EXERCISE DIRECTIONS:
In this exercise, return only the lines that run from the line with "House sparrow on wisp of straw" to the end of the entries below, both included. Pictures are not copied.

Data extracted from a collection

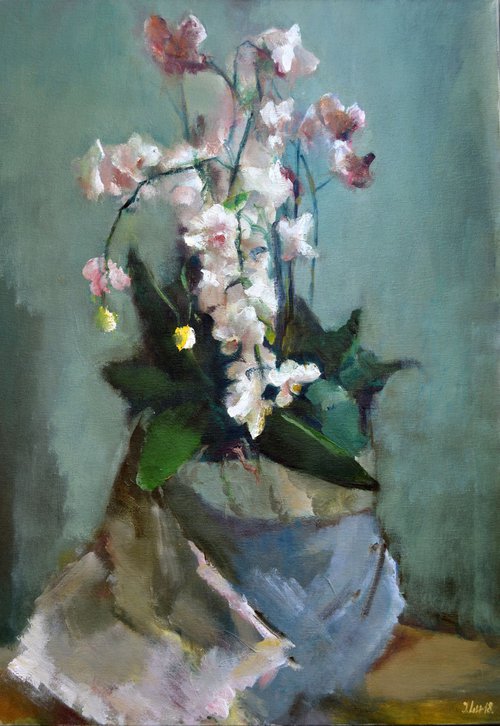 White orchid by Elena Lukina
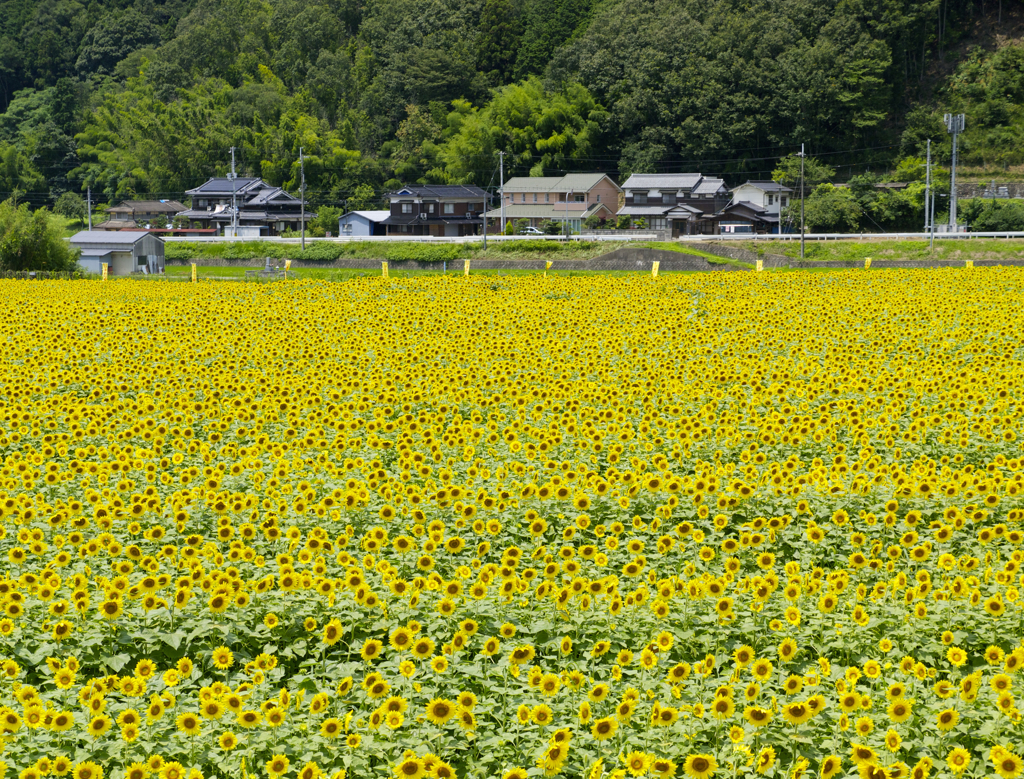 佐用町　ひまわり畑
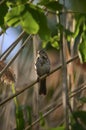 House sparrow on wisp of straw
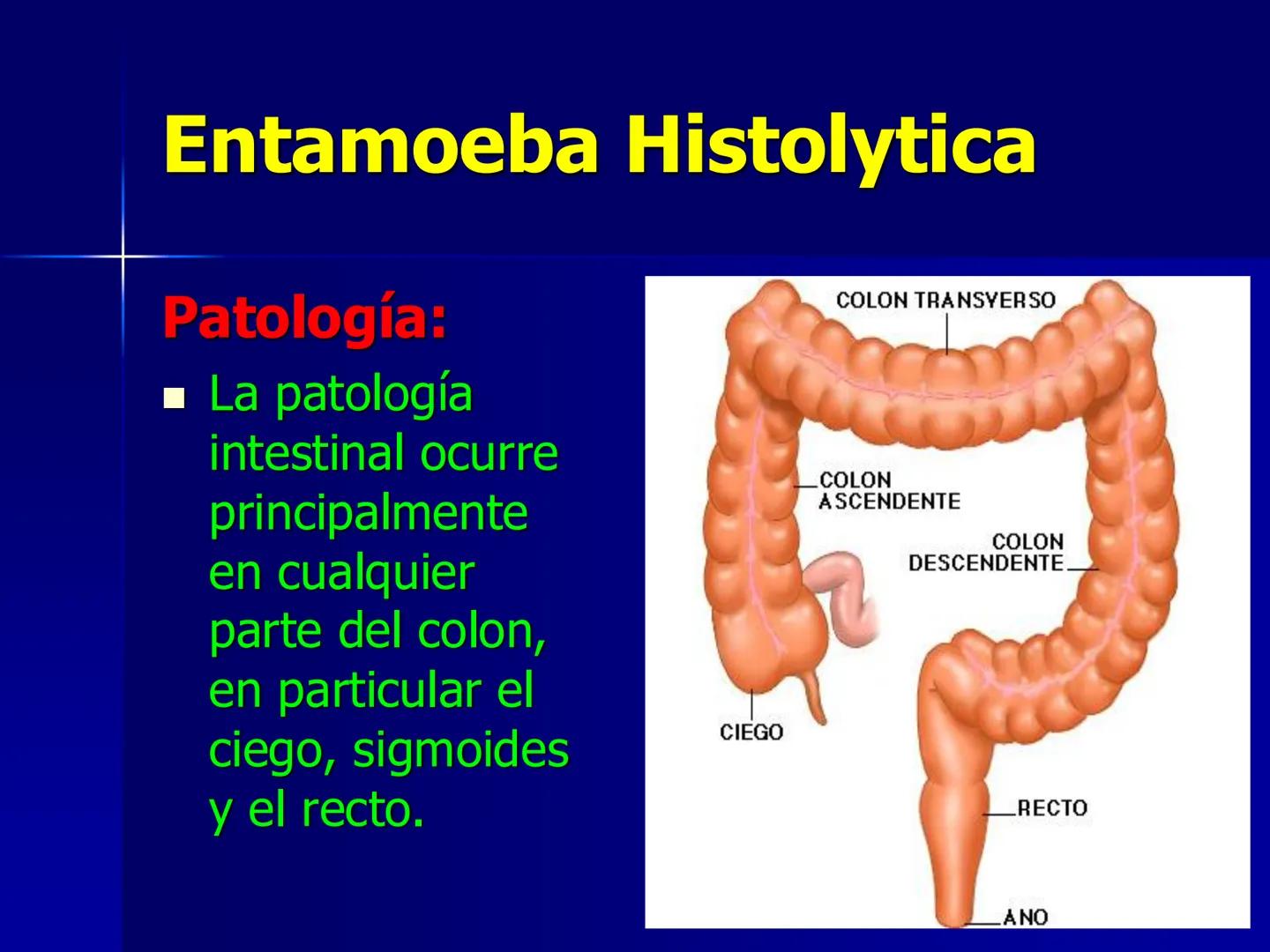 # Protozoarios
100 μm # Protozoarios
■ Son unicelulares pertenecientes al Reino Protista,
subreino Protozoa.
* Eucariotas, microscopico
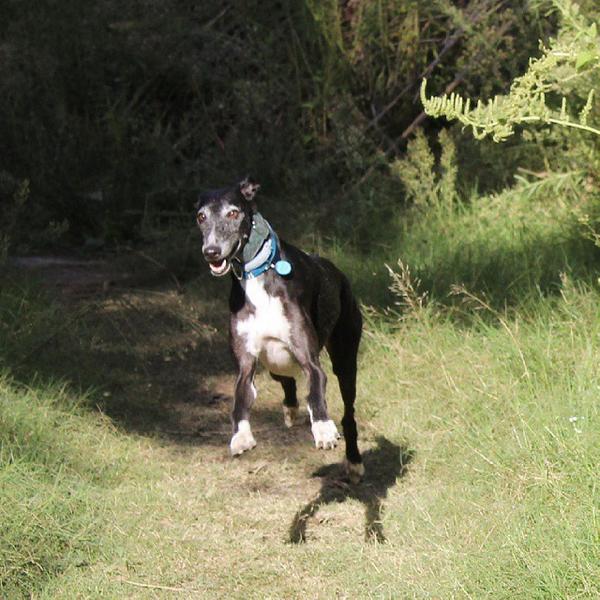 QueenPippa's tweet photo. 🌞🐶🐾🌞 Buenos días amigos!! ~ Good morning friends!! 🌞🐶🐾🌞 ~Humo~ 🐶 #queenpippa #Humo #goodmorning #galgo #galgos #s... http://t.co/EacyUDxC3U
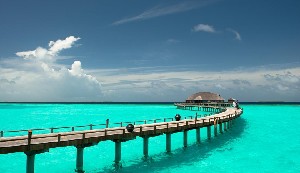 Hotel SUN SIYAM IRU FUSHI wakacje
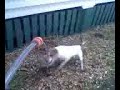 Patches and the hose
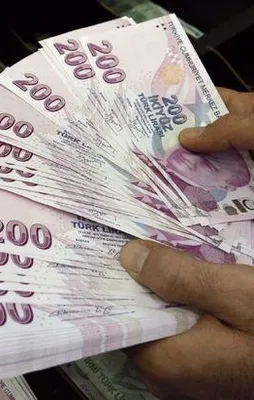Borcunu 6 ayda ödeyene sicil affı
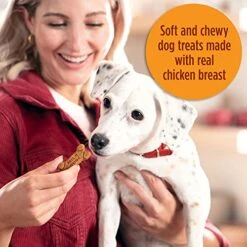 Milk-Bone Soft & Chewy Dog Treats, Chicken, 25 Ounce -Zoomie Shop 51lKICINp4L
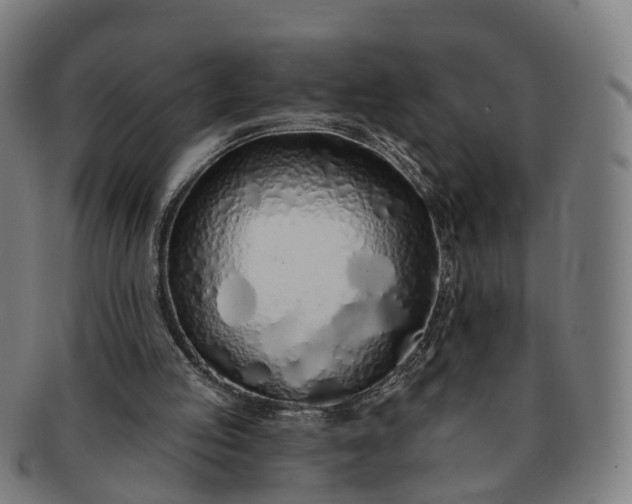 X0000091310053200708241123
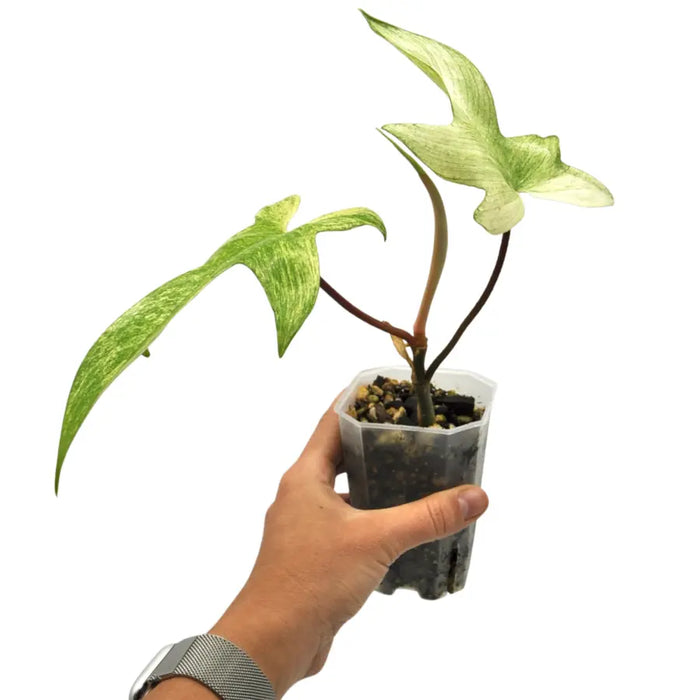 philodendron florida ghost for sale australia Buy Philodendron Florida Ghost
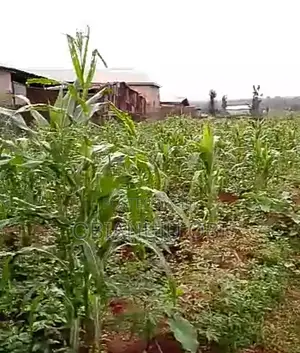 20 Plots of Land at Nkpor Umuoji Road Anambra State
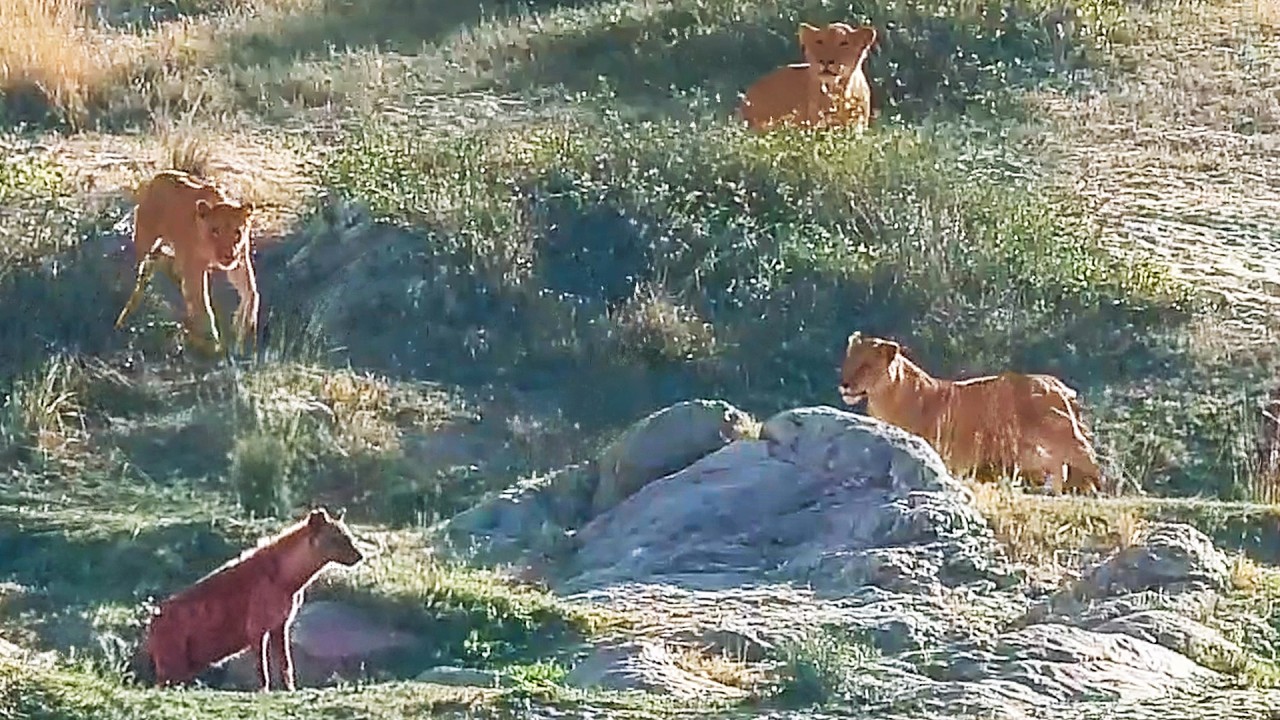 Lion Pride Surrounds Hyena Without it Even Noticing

SOLUTION TO THE PROBLEM:
 House sparrow on wisp of straw
 # Protozoarios
100 μm # Protozoarios
■ Son unicelulares pertenecientes al Reino Protista,
subreino Protozoa.
* Eucariotas, microscopico
 QueenPippa's tweet photo. 🌞🐶🐾🌞 Buenos días amigos!! ~ Good morning friends!! 🌞🐶🐾🌞 ~Humo~ 🐶 #queenpippa #Humo #goodmorning #galgo #galgos #s... http://t.co/EacyUDxC3U
 Hotel SUN SIYAM IRU FUSHI wakacje
 Patches and the hose
Borcunu 6 ayda ödeyene sicil affı
 Milk-Bone Soft & Chewy Dog Treats, Chicken, 25 Ounce -Zoomie Shop 51lKICINp4L
 X0000091310053200708241123
 philodendron florida ghost for sale australia Buy Philodendron Florida Ghost
 20 Plots of Land at Nkpor Umuoji Road Anambra State
 Lion Pride Surrounds Hyena Without it Even Noticing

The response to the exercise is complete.